Piers Greville's Pedder Prime Cuts was celebrated by the judges for its mix of digital technology and traditional painting, which judge Barry Keldoulis said was keeping landscape painting contemporary.
"There's a lot of good work among the finalists this year, but this one stood out for its engagement with a 21st-century way of appreciating the landscape, through science as well as personal experience," he said.
Artist Piers Greville aimed to comment on the way we view the landscape in the modern world - just as likely through a screen than by being absorbed in the reality of the natural world.
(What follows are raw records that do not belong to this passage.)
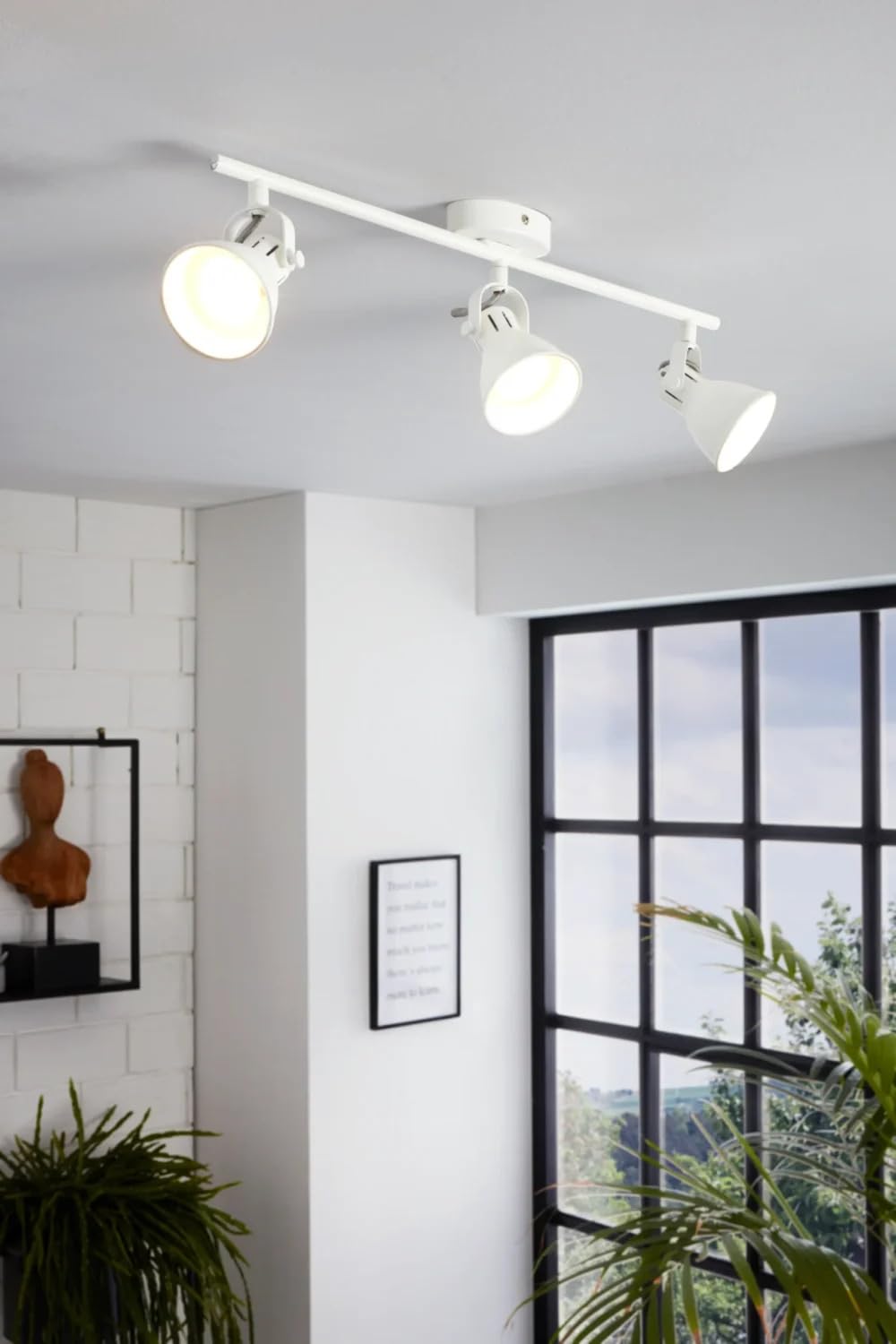 SERAS 1 3-Light LED Ceiling Spotlight White – Adjustable GU10 Spotlights with Warm White Light (3000K) – Modern Indoor Ceiling Light Fixture-image-29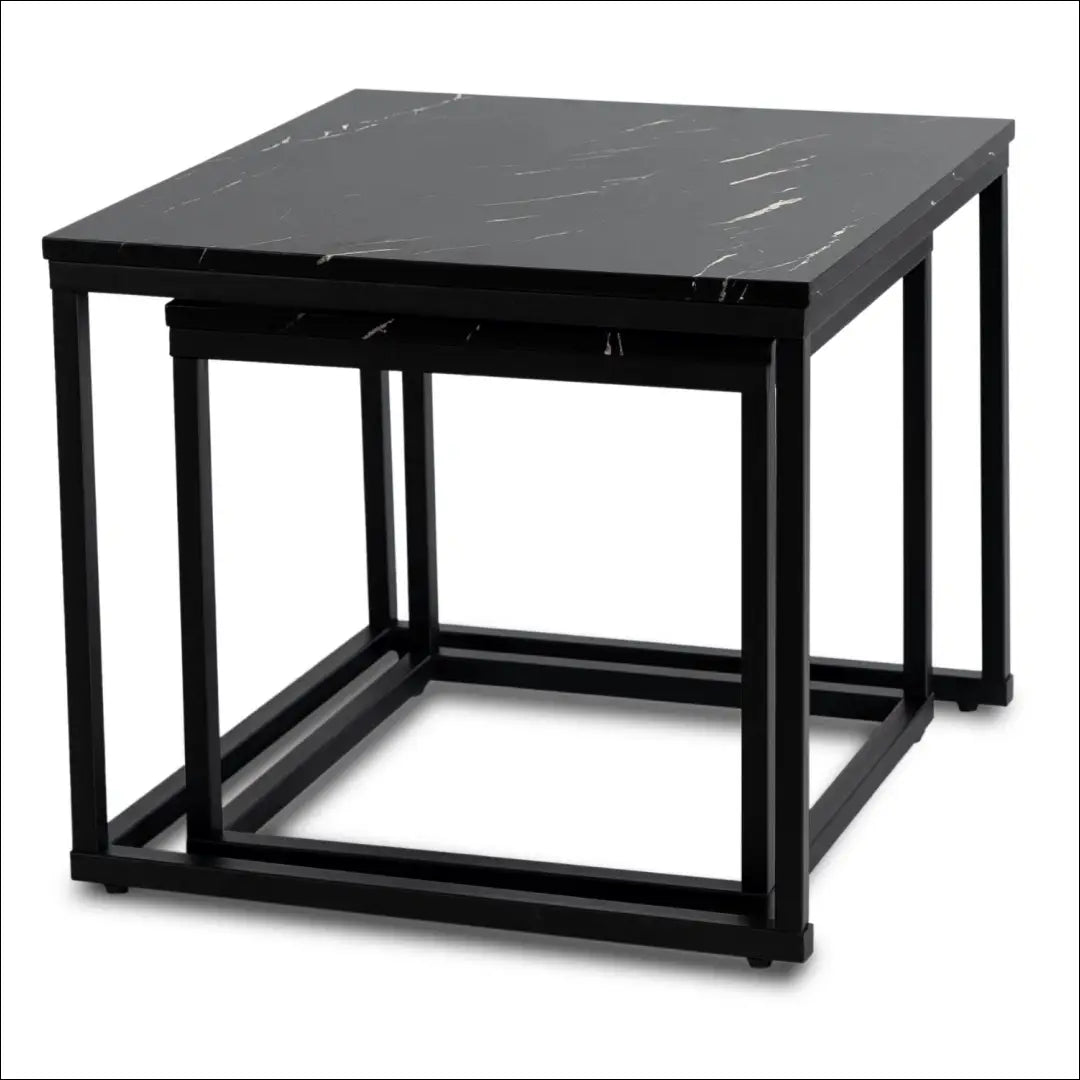 Kavos staliukų rinkinys iš MDF juodos spalvos / marmuro TE482 - €47 Save 15% 25-50, __label:Pristatymas 5-14 d.d.,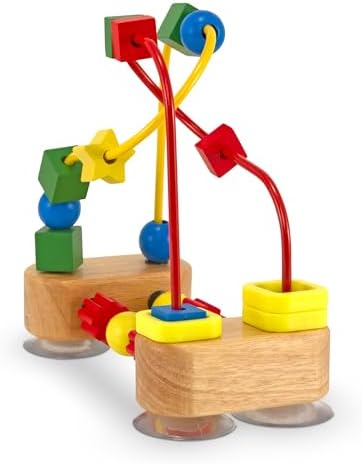 Melissa & Doug Melissa Doug First Bead Maze - Wooden Educational Toy for Floor High Chair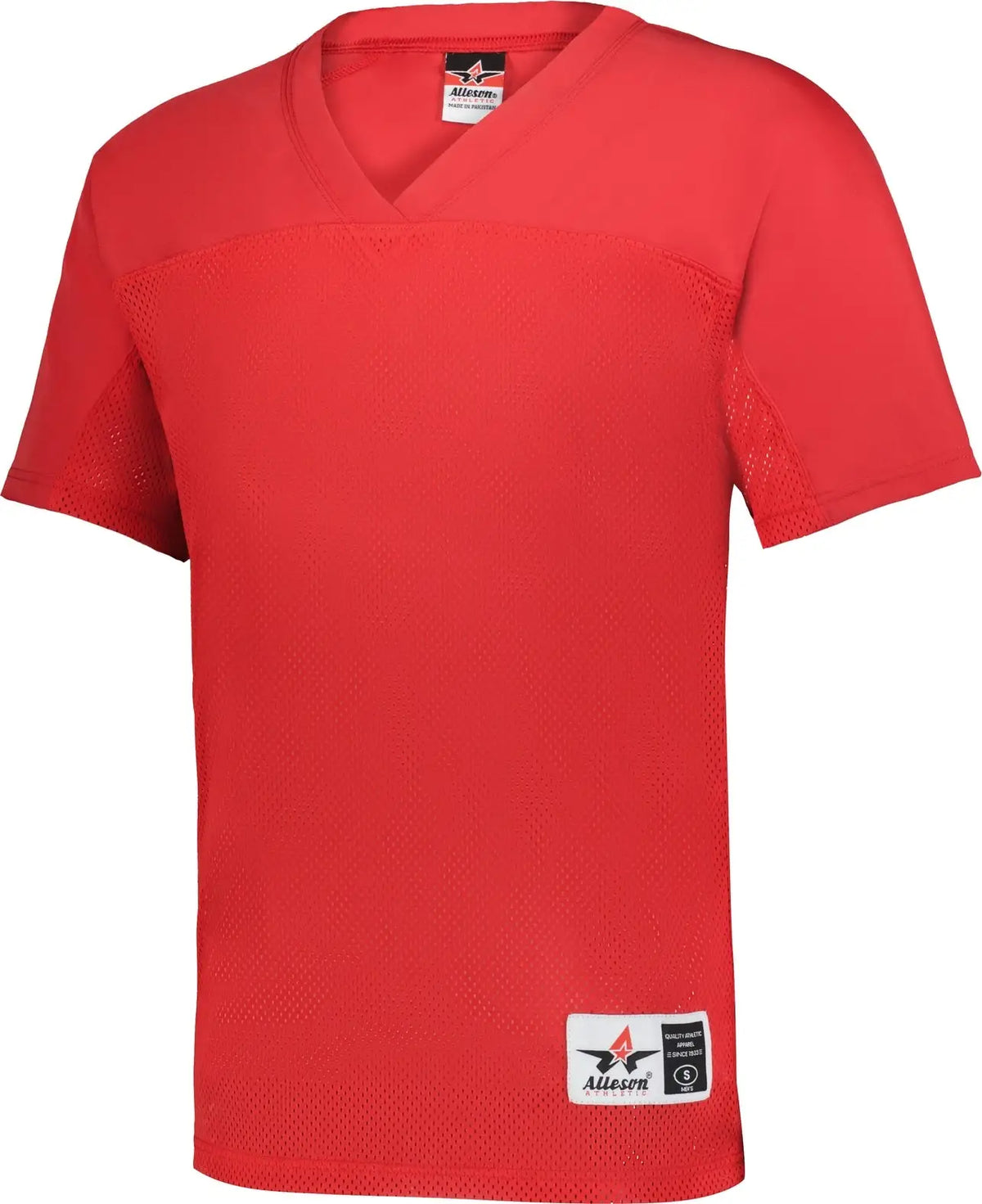 Alleson Athletic A72704 Youth Flag Football Jersey - Red - s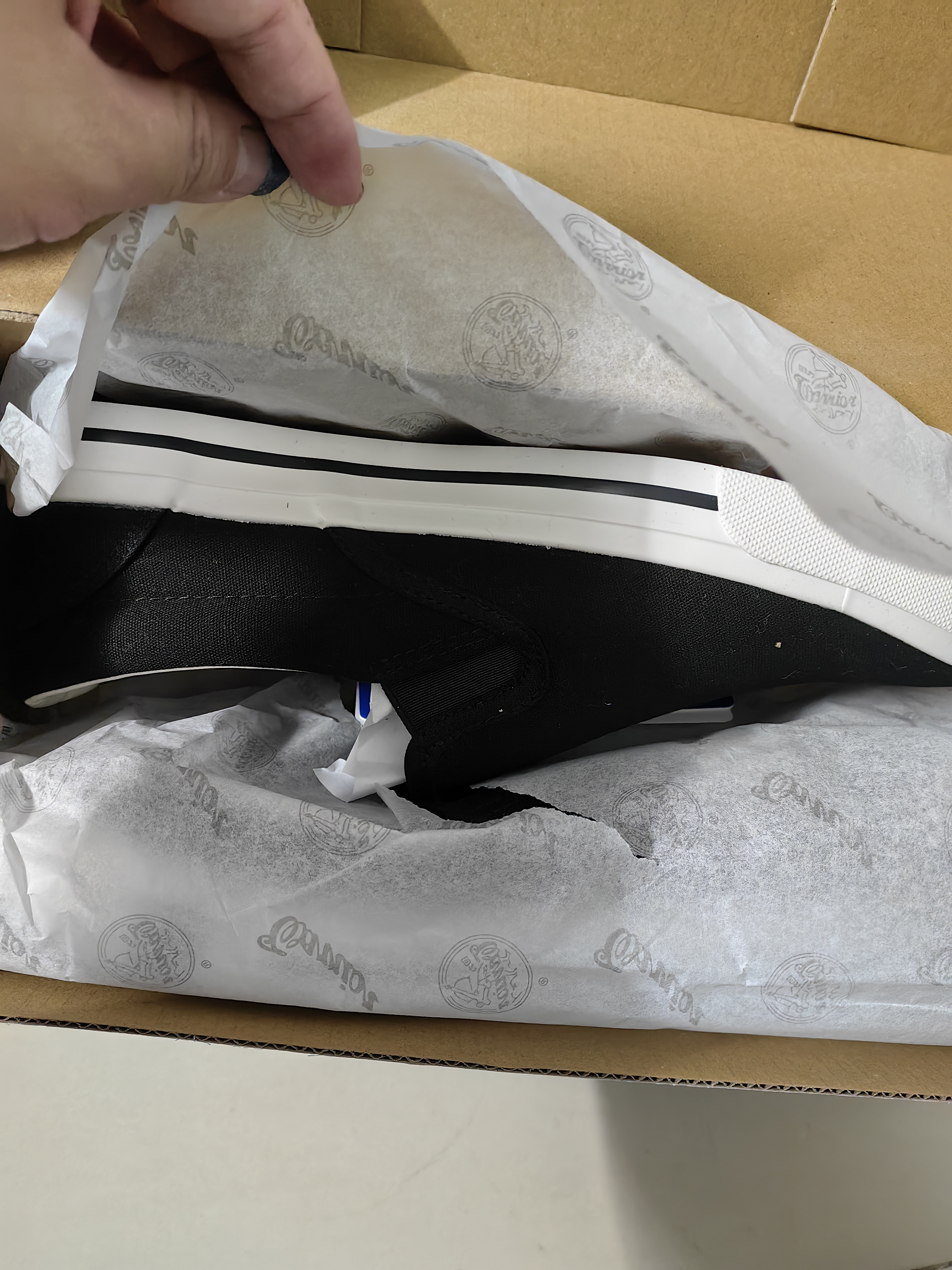 回力帆布鞋男士低帮百搭休闲鞋一脚蹬懒人套脚运动鞋 WXY-903 黑色41 实拍图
It is based on a combination of photos and sketches captured by Greville on a trip to Lake Pedder, in Tasmania's South-West, and the satellite view of the lake as seen through Google Earth.
"The prime view we have of the earth now is through that digital realm," he said.
"I know if I'm going somewhere, I'll research it, by doing a Goggle search, a map view, reading blog posts and reviews - and then while you're there, even, you'll be looking at it through your phone, and then when you leave you're looking back at it through Facebook or Instagram.
"There's all these other levels in which we view the world, it's the way we look at landscape now, and I think it's important when painting to look through a contemporary prism of view."
The work was created using layers of red, blue and green translucent paint - the same colours visuals on a screen are created with - contrasted against a grey background.
The grey paint was mixed by Greville using concrete dust.
Greville is a recent graduate of the Victorian College of the Arts with a Masters of Fine Art, where he was awarded the was awarded both the Dominik Mersch Gallery Award.
This is his first year as a Glover Prize finalist.
The Glover Prize 2019 was judged by Arts Fairs Australia chief executive Barry Keldoulis, leading contemporary artist Joan Ross, and Tasmanian Museum and Art Gallery director Janet Carding.
- The Glover Prize exhibition, with the 42 final works, is open at the Falls Park Pavilion, Evandale, from Saturday, March 9 to Saturday, March 16, $10 including catalogue.